API Parity Phased Plan
This plan addresses items 1-9 from docs/reference/parity/sikulix-api-docs-audit.md.
Scope:
- Underlying protocol and Go API only.
- Target surfaces:
packages/api/proto/sikuli/v1/sikuli.proto
packages/api/internal/grpcv1
packages/api/pkg/sikuli
Guardrails:
- Do not change the runtime architecture described in the audit section
Areas Where the Go Port Exposes Different or Additional Behavior.
- Keep the server/gRPC model.
- Keep explicit matcher-engine selection.
- Keep pattern masking support.
- Keep session/auth/logging/tracing behavior as architectural concerns of the API runtime.
Item Coverage
| Audit Item |
Topic |
Planned In |
| 1 |
Region live runtime model |
Phases 1-2 |
| 2 |
Screen surface parity |
Phase 2 |
| 3 |
Match as a Region-like result |
Phase 3 |
| 4 |
Direct action parity |
Phase 4 |
| 5 |
Finder iteration/lifecycle |
Phase 5 |
| 6 |
Exception/null semantics |
Phases 1 and 5 |
| 7 |
Multi-target search helpers |
Phase 6 |
| 8 |
OCR helper surface |
Phase 7 |
| 9 |
App/window model |
Phase 8 |
Phase 0: Contract Baseline
Goal:
- Freeze the parity target and prevent drift while implementation proceeds.
Deliverables:
- Convert the nine audit items into explicit parity tickets or checklist sections.
- Add a parity test manifest mapping each SikuliX-documented behavior to:
- current Go behavior
- target Go behavior
- test owner
- Mark generated mapping docs where parity is currently overstated.
Exit criteria:
- Every item 1-9 has a testable acceptance definition.
java-to-go-mapping.md no longer labels clearly incomplete areas as fully parity-ready.
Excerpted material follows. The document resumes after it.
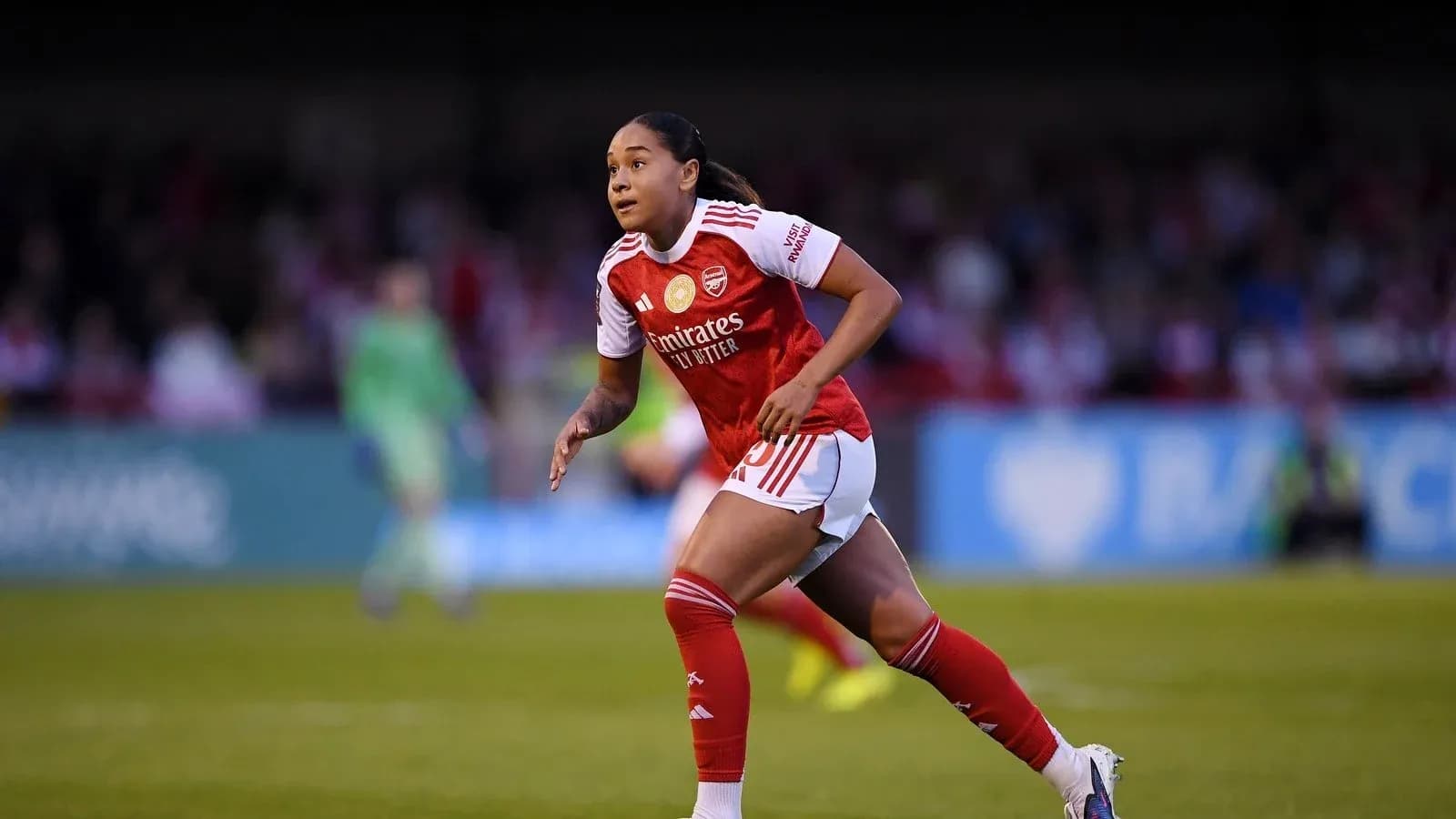 Arsenal player running on the pitch during match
Phase 1: Search Semantics Foundation
Goal:
- Normalize miss, wait, and exception semantics before adding more surface area.
Items addressed:
-
Region runtime model groundwork
-
- exception/null semantics
Deliverables:
- Define a canonical parity behavior matrix for:
find
exists
wait
waitVanish
has
- Wire
ThrowException / FindFailedThrows into actual search behavior, or explicitly replace them with a different stable compatibility contract and document that replacement.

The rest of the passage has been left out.